--- TO DO ---
Pictures stay out of the output. Return exactly the lines below from the one with "New Vintage Obermeyer" down to the one with "TAPPO FERRO NERO ARGENTO D.22", both included, and nothing more.
THE DATA START
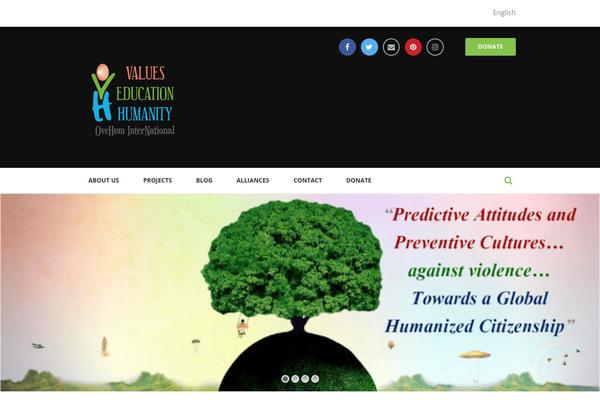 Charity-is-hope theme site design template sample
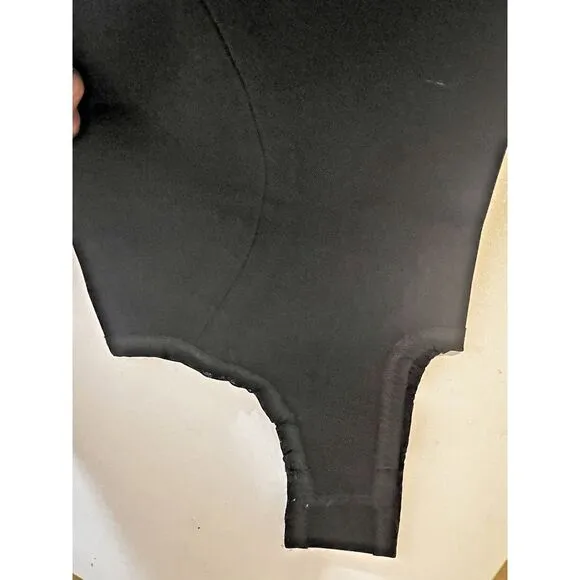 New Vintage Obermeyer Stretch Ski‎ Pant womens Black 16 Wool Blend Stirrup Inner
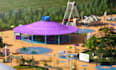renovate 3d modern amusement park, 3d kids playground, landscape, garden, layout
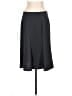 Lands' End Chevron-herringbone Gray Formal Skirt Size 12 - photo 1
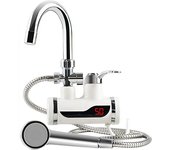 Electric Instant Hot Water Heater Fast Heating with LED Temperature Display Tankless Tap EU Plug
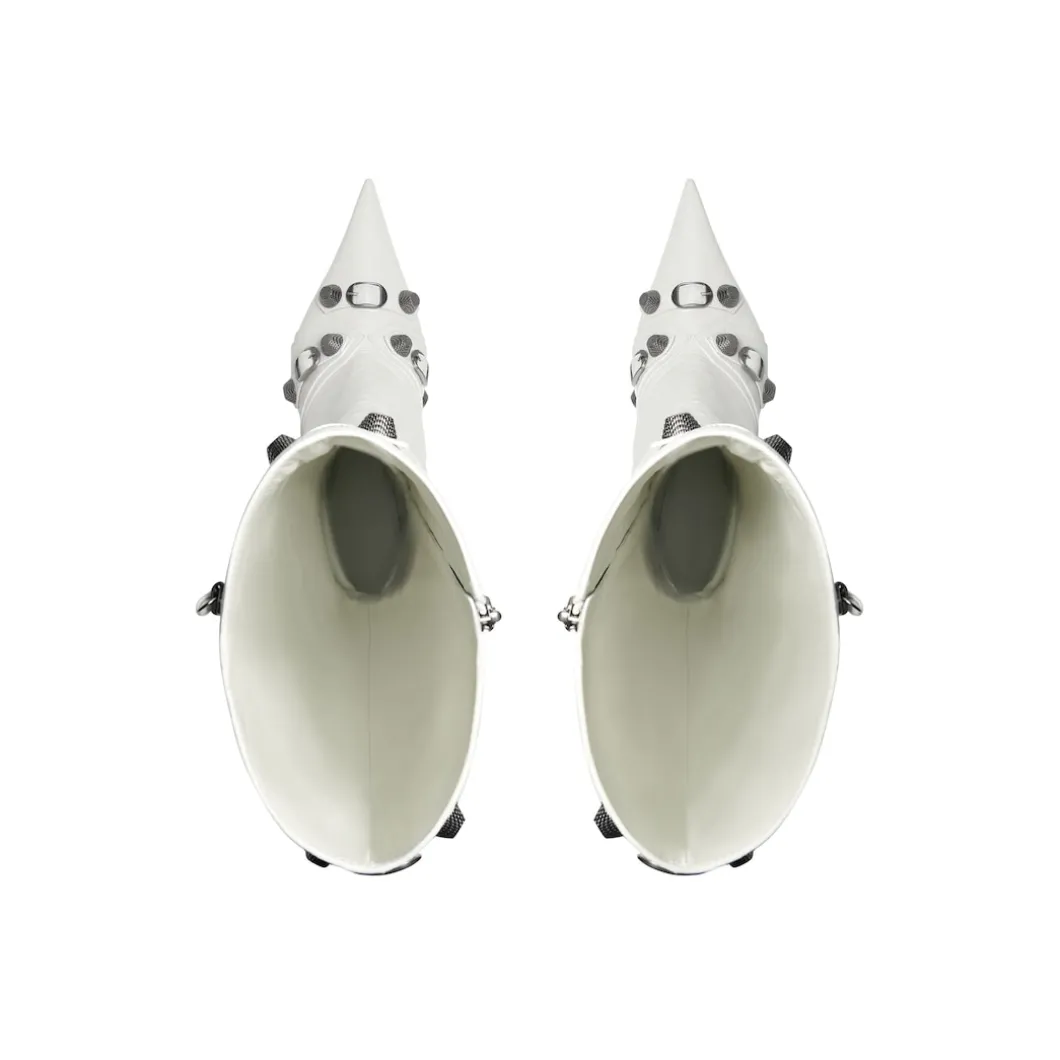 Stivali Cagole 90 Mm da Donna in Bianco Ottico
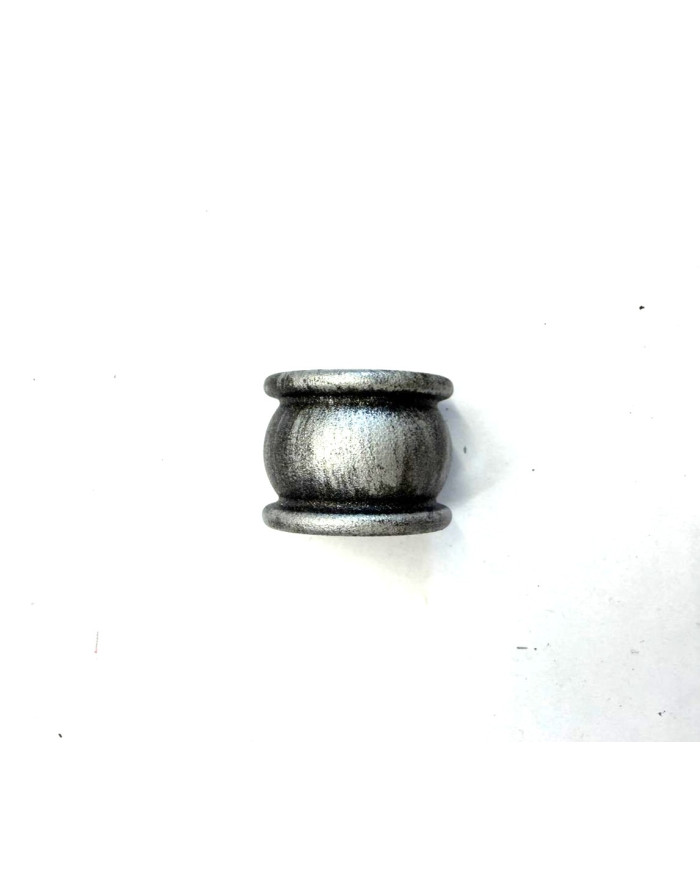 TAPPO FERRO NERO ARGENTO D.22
THE DATA END
THE DATA START
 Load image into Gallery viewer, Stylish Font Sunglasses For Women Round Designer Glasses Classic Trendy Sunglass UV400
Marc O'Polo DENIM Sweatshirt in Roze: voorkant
THE DATA END
--- REPLY ---
 New Vintage Obermeyer Stretch Ski‎ Pant womens Black 16 Wool Blend Stirrup Inner
renovate 3d modern amusement park, 3d kids playground, landscape, garden, layout
 Lands' End Chevron-herringbone Gray Formal Skirt Size 12 - photo 1
 Electric Instant Hot Water Heater Fast Heating with LED Temperature Display Tankless Tap EU Plug
 Stivali Cagole 90 Mm da Donna in Bianco Ottico
 TAPPO FERRO NERO ARGENTO D.22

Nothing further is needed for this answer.